Reading without a road map

If you follow me on Instagram, you will see that for the past few months I have been sharing almost only ‘reading views’. I love reading, I even took a speed reading course when I started my PhD, but reading academic literature (for the first time in your life) and finding structure in what you read, that’s something else.

In this blog, I will give an update on all this reading and a first attempt at that structure, or, what we also call: the fuzzy front-end of research. With reading tips for you of course!

Parallel disciplines

When I started this PhD research, I knew I wanted to look from two disciplines: design and public administration. Later, a third was added: services. Because I keep hopping between areas of research, it sometimes feels a little unsteady for me. Now how does this belong together? From what lens will I now examine? Should I actually choose one or can I combine them? And how do you know when you have everything?

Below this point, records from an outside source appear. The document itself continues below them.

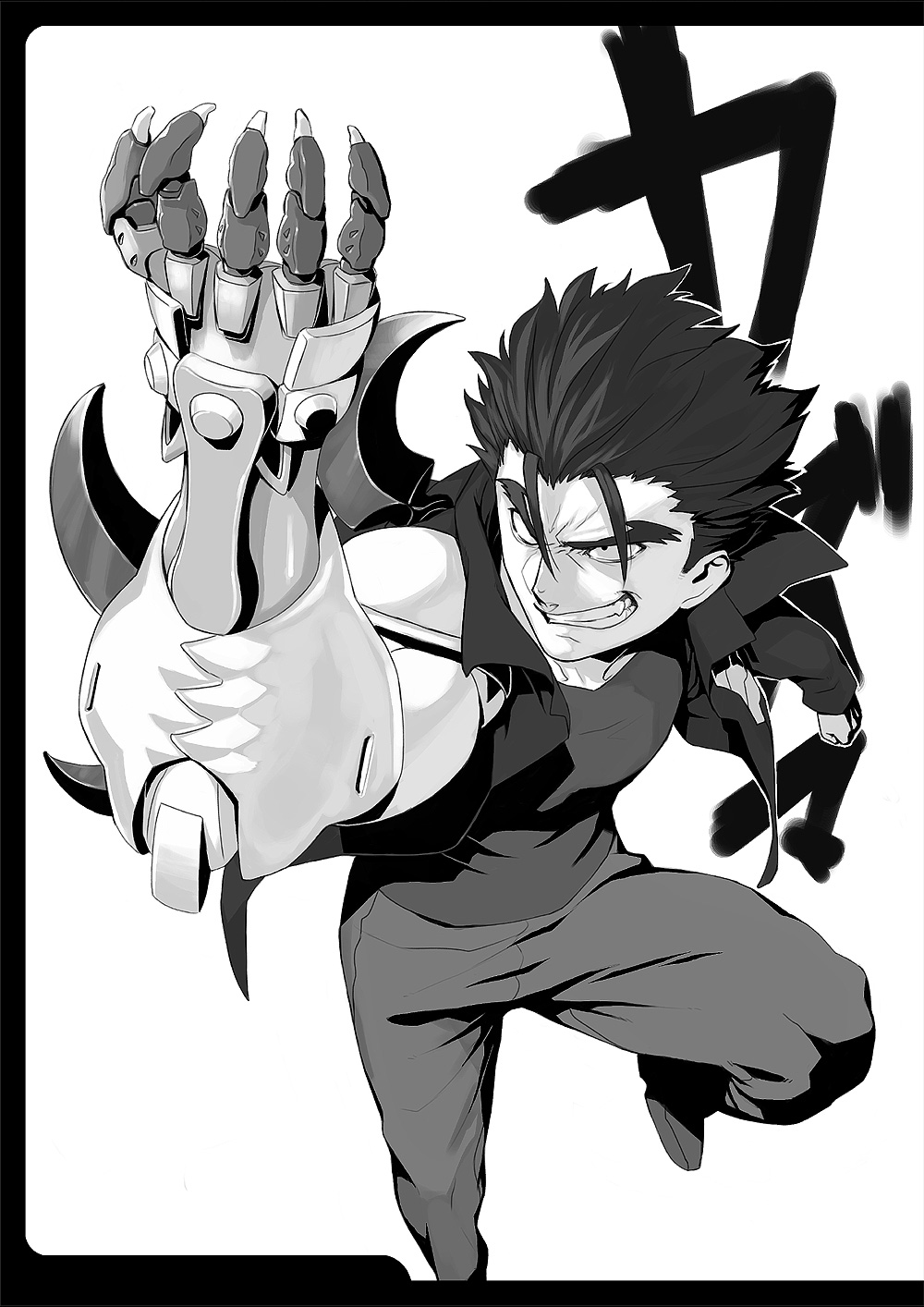 azusa (hws), kazuma (scryed), scryed, highres, 00s, 1boy, alter form, greyscale, grin, male focus, monochrome, power fist, smile, solo
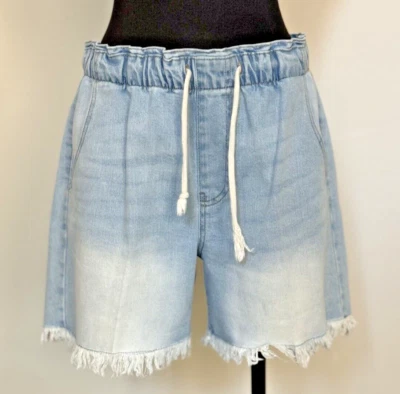 Celebrity Pink Paperbag Jean Shorts High Rise Comfy Boyfriend Fit Raw Hem Small - Image 1 of 4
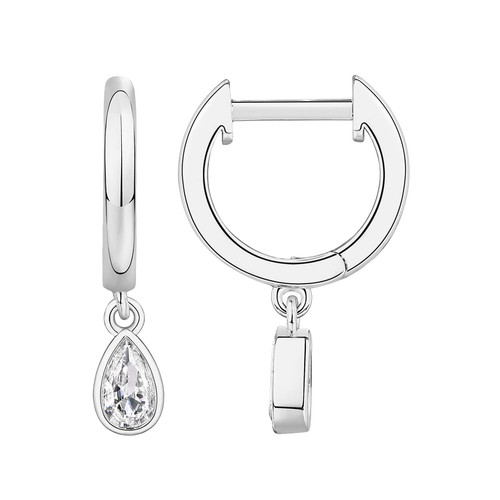 PAVOI 14K White Gold Plated 925 Sterling Silver Post Huggie With Dangle | Small Gold Hinged Hoop Earrings For Women | Trendy Pear Shaped Cubic Zirconia Dangle Hoop Earrings |CZ Huggie Earrings PAVOI 14K White Gold Plated 925 Sterling Silver Post Huggie With Dangle | Small Gold Hinged Hoop Earrings For Women | Trendy Pear Shaped Cubic Zirconia Dangle Hoop Earrings |CZ Huggie Earrings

With each discipline, I am in contact with an academic institute.

  1. Design is of course my home base, Industrial Design at Delft University of Technology.
  2. At CTF at Karlstad University, where I regularly work for a week, they know all about services.
  3. And I ‘flirt’ a bit with the USBO (Faculty of Public Administration) of Utrecht University and the Faculty of Administrative Law of the University of Groningen.

I see more and more clearly where these areas overlap. Fortunately, plenty has been written about those crossovers as well.

Drawing of three subject areas combined so you can see how they overlap.
Drawing of three subject areas combined so you can see how they overlap.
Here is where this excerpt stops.